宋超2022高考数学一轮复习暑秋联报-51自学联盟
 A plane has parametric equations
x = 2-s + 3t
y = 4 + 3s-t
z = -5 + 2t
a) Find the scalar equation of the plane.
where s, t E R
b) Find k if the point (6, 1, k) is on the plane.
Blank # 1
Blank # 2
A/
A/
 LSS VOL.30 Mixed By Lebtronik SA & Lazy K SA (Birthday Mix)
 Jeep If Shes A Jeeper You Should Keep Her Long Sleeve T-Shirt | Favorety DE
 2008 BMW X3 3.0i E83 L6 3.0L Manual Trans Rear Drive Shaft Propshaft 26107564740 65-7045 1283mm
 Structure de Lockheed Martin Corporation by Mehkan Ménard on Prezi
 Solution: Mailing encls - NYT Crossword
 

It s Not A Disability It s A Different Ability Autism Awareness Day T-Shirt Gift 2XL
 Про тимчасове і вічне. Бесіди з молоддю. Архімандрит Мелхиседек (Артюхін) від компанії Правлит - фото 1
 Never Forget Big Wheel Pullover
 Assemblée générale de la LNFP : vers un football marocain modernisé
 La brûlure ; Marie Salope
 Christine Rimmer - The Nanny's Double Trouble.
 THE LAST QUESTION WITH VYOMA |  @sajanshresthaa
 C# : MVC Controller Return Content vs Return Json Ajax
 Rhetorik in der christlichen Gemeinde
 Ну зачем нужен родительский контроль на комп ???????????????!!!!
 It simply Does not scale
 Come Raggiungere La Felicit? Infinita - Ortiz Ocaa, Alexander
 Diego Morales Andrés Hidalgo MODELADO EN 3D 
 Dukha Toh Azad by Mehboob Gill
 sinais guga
━━━━
- [Work required] Copy out every line of the listing that contains the string "plane".

- [Solution for this task]
 A plane has parametric equations
a) Find the scalar equation of the plane.
b) Find k if the point (6, 1, k) is on the plane.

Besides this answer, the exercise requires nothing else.